Every line of the listing below should come back exactly as written, with no images.

(Beginning of Material provided)

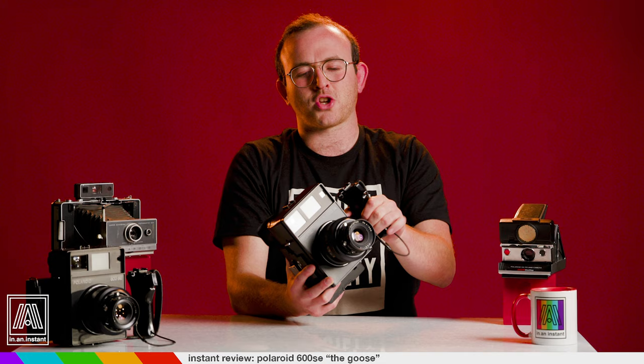While I'll stop myself from rambling any further, you will no doubt see the goose in future episodes doing any number of the dope tricks the 600 SE is capable of. Thank you for watching In An Instant. Go ahead and peck that subscribe button with your goose-like beak. Stay tuned for more reviews, breakdowns, shoots, and all things instant.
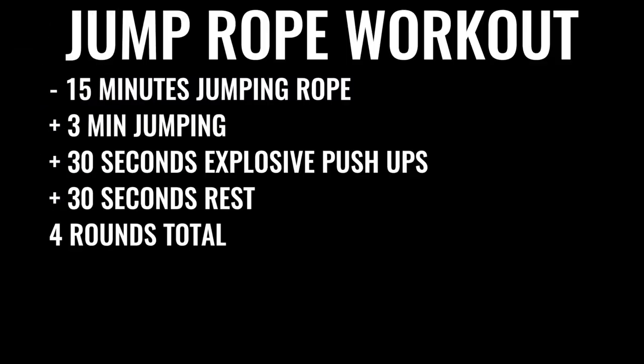You're going to start off by skipping rope for about 15 minutes. You'll do three minutes of skipping nonstop, followed by 30 seconds of explosive push-ups, then 30 seconds of rest — repeat that four times total, leaving off the last set of push-ups. So you've got four sets of three minutes of jump rope and three sets of push-ups total.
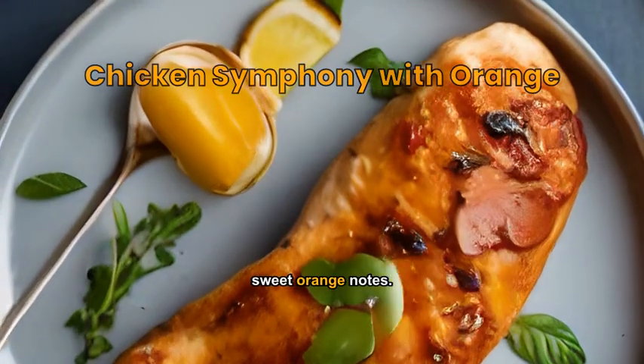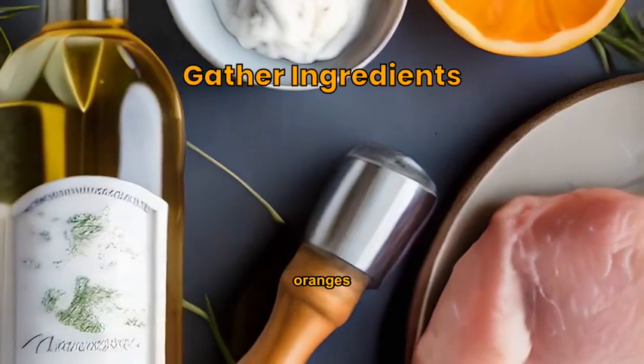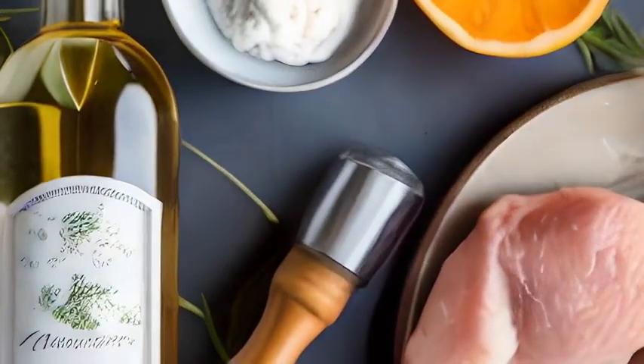A harmonious blend of chicken and sweet orange notes. You'll need chicken breasts, oranges, white wine, butter, olive oil, salt, and pepper.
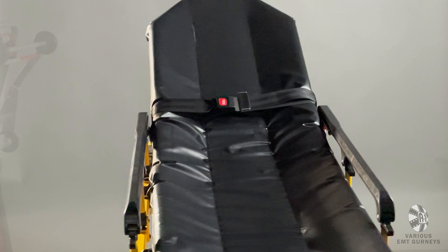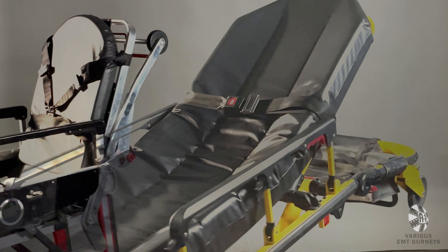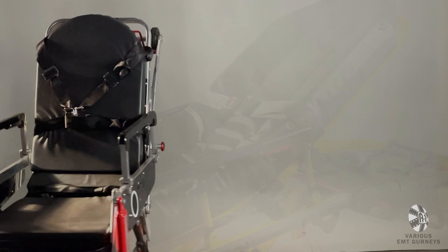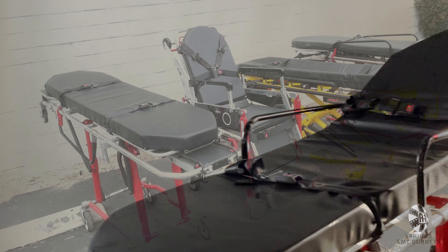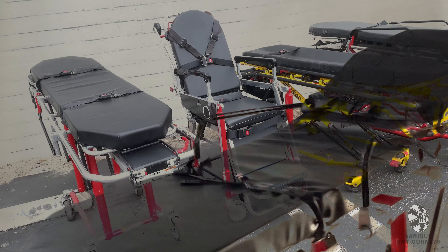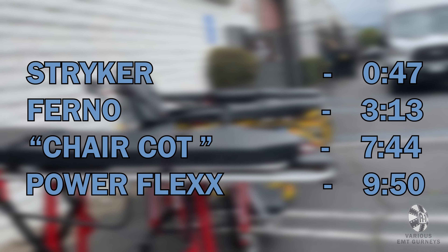In this video, we will be discussing how to use our various EMT gurneys. Each style has slightly different mechanisms for operation. So instead of showing one instructional for each gurney, we have split this video into four different chapters. Each gurney is designed to be used by two paramedics, so some of these moves will require two people. Feel free to move to the chapter that corresponds to the gurney you have rented.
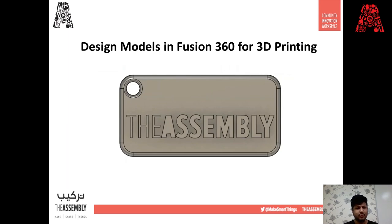Good morning everyone and welcome to today's workshop. Today we're going to do something different compared to what we've done in the past few online sessions — we're going to go through some 3D designing. Today we will learn how to design using Fusion 360.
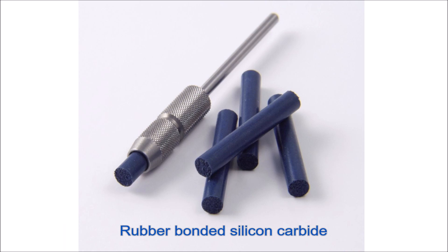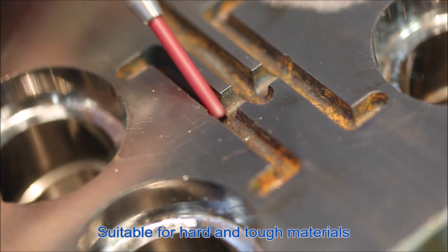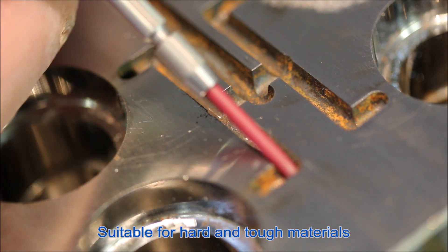The Joke Elastic Flexible Polishing Points are made of silicon carbide, which is bound in a special synthetic rubber. They are excellent for hard and tough materials.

(End of Material provided)

Result -
While I'll stop myself from rambling any further, you will no doubt see the goose in future episodes doing any number of the dope tricks the 600 SE is capable of. Thank you for watching In An Instant. Go ahead and peck that subscribe button with your goose-like beak. Stay tuned for more reviews, breakdowns, shoots, and all things instant.
You're going to start off by skipping rope for about 15 minutes. You'll do three minutes of skipping nonstop, followed by 30 seconds of explosive push-ups, then 30 seconds of rest — repeat that four times total, leaving off the last set of push-ups. So you've got four sets of three minutes of jump rope and three sets of push-ups total.
A harmonious blend of chicken and sweet orange notes. You'll need chicken breasts, oranges, white wine, butter, olive oil, salt, and pepper.
In this video, we will be discussing how to use our various EMT gurneys. Each style has slightly different mechanisms for operation. So instead of showing one instructional for each gurney, we have split this video into four different chapters. Each gurney is designed to be used by two paramedics, so some of these moves will require two people. Feel free to move to the chapter that corresponds to the gurney you have rented.
Good morning everyone and welcome to today's workshop. Today we're going to do something different compared to what we've done in the past few online sessions — we're going to go through some 3D designing. Today we will learn how to design using Fusion 360.
The Joke Elastic Flexible Polishing Points are made of silicon carbide, which is bound in a special synthetic rubber. They are excellent for hard and tough materials.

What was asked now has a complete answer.